Language of document :

Hogere voorziening ingesteld op 18 september 2019 door VodafoneZiggo Group BV tegen de beschikking van het Gerecht (Eerste kamer) van 9 juli 2019 in zaak T-660/18, VodafoneZiggo Group BV/Commissie

(Zaak C-689/19 P)

Procestaal: Engels

Partijen

Rekwirante: VodafoneZiggo Group BV (vertegenwoordigers: W. Knibbeler, A.A.J. Pliego Selie, B.A. Verheijen, advocaten)

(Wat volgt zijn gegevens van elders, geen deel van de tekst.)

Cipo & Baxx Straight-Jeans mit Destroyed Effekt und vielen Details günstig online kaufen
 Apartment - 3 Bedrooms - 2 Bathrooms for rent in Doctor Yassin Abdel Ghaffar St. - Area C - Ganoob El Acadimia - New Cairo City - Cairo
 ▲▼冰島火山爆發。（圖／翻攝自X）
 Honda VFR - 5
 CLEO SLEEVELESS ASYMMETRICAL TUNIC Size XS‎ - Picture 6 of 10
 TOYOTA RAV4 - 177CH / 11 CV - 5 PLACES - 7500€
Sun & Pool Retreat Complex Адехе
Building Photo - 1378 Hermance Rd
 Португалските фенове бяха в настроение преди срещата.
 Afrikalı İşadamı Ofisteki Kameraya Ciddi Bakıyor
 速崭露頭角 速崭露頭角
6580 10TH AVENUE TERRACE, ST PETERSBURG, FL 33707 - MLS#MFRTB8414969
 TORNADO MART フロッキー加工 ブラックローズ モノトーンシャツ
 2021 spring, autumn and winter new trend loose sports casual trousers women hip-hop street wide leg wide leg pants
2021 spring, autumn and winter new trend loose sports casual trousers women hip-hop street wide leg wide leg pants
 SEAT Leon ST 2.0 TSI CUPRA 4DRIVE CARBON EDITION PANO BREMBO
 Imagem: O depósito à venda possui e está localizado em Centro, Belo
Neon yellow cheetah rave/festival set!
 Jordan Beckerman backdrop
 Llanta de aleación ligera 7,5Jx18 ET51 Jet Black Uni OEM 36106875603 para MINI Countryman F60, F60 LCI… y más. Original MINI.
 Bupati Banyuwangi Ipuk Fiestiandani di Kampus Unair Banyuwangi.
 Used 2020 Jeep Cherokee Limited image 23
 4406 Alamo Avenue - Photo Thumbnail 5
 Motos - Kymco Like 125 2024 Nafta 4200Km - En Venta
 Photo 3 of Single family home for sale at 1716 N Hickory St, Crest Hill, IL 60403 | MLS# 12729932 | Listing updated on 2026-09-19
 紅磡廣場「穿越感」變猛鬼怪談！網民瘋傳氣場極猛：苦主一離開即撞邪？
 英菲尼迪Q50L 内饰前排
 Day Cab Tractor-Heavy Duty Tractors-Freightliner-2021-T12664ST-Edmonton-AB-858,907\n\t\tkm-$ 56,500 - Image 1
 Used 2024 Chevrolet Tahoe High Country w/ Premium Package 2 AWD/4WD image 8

Andere partij in de procedure: Europese Commissie

Conclusies

de beschikking van het Gerecht van 9 juli 2019 in zaak T-660/18 (hierna: „bestreden beschikking”) vernietigen;

de zaak terugverwijzen naar het Gerecht;

de beslissing omtrent de kosten van de onderhavige procedure aanhouden.

Middelen en voornaamste argumenten

Eerste middel: het Gerecht heeft bij zijn oordeel dat besluit C(2018) 5848 final van de Europese Commissie (hierna: „litigieus besluit”) geen bindende rechtsgevolgen teweegbrengt, blijk gegeven van onjuiste rechtsopvattingen.

Eerste onderdeel van het eerste middel: het vereiste dat nationale regelgevende instanties zoveel mogelijk rekening moeten houden met door de Europese Commissie overeenkomstig artikel 7, lid 3, van richtlijn 2002/21/EG1 gemaakte opmerkingen, legt die instanties een juridisch bindende verplichting op.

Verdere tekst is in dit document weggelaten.